Several companies have downplayed the discrepancies between SAIC and SEC filings. In September, China Green Agriculture (CGA) argued that individuals who are knowledgeable about China do not rely on SAIC filings as a basis for determining a company's financial position.

"Oftentimes, Chinese companies access SAIC filings to learn more about their competitors to gain a commercial advantage," China Green said in the statement. "As a result, many companies have understated their financial results in such filings."

I will even go a step further and say that investing in companies that downplay the significance of SAIC filings or have failed to include auditor comments attesting to the independent viewing of SAT documents (mainly when SAIC filings don't match) will expose your portfolio to meaningful risks.

It seems things can't get any worse for investors who desire to go long in the Chinese RTO space.

Well, it just did.

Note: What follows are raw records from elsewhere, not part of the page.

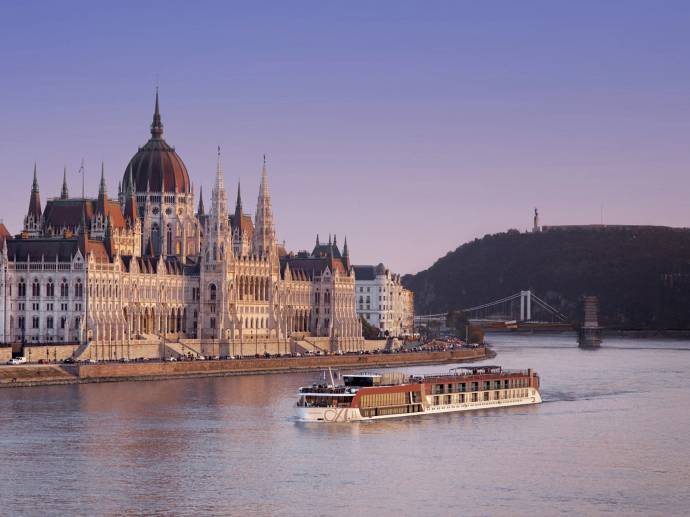 The Ama Sonata passing by the Budapest Parliament Building.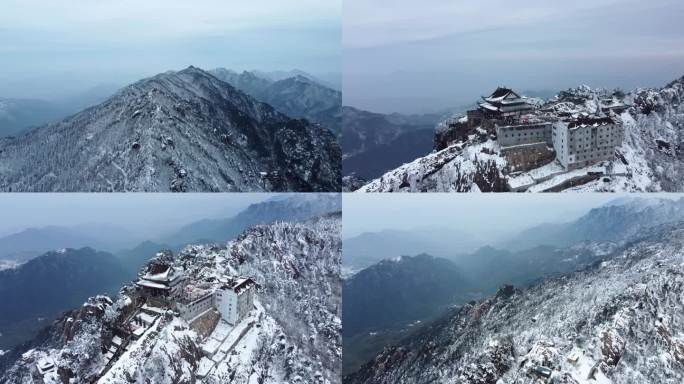 安徽池州九华山雪景天台寺雪景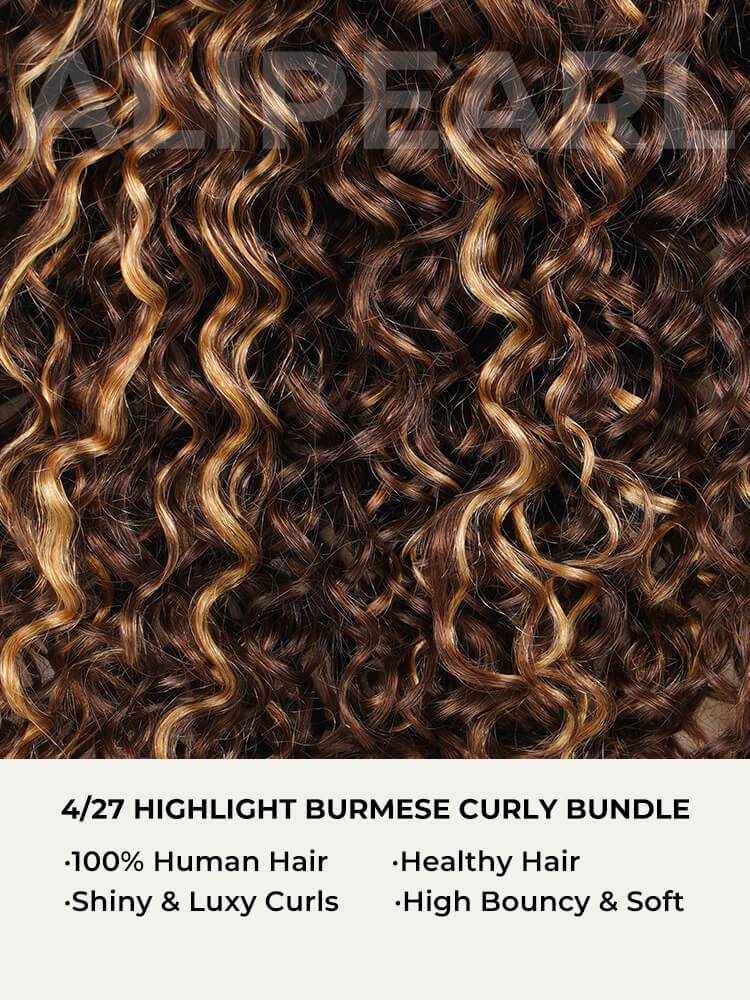 honey blonde highlight curly human hair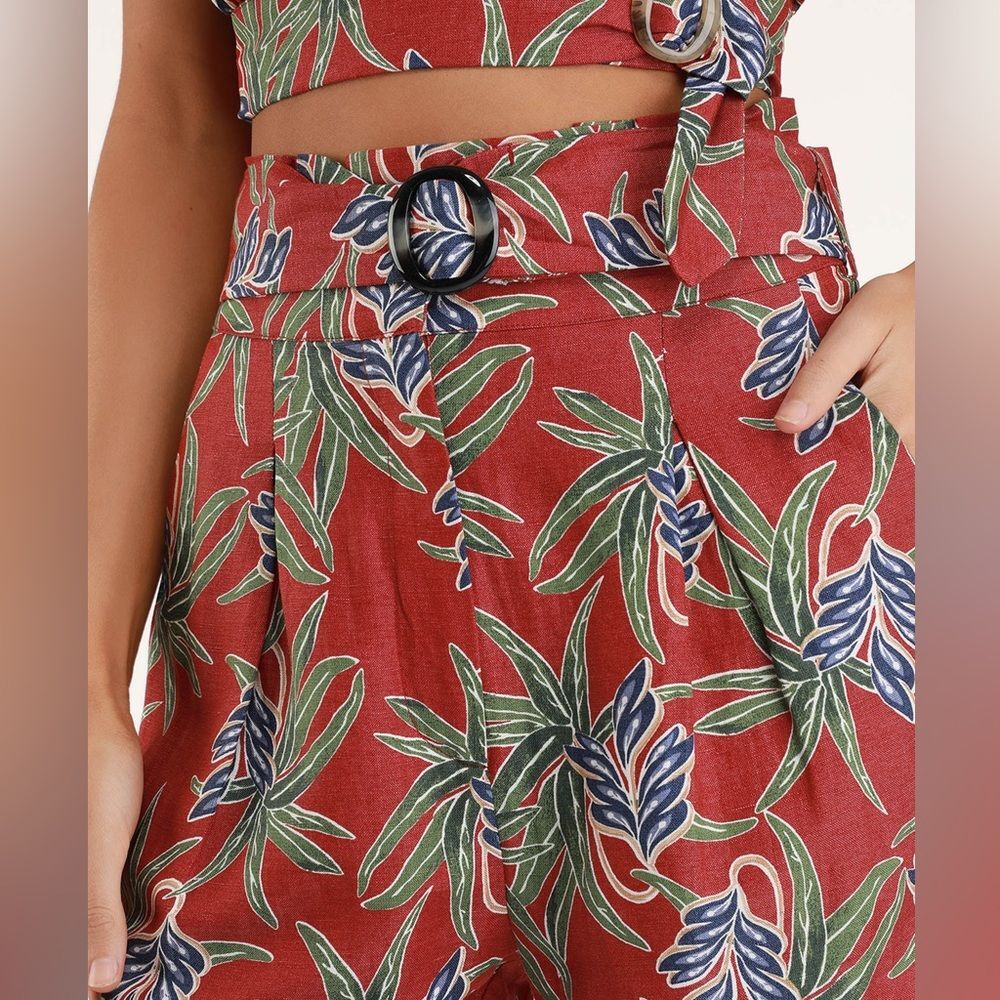Lulus Moon River Linen Blend Paperbag Belted Crop Pants Red Tropical S - Picture 10 of 11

By now, anyone who follows China should be aware of VIE and FIE corporate structures. Simply put, an FIE structure is dictated by a direct ownership of a Chinese operating company by an offshore entity (for example, U.S. British Virgin Islands or Hong Kong), while a VIE structure is enforced by management/consulting contracts between Chinese operating subsidiaries and a Chinese intermediary directly owned by an off shore entity.

VIE arrangements were crafted by ambitious lawyers to enable Chinese companies to go public in the U.S., circumventing Chinese laws that prohibit foreign ownership in domestic companies operating in certain industries. Keep in mind that the Chinese government hasn't clearly commented on the legality of VIE arrangements.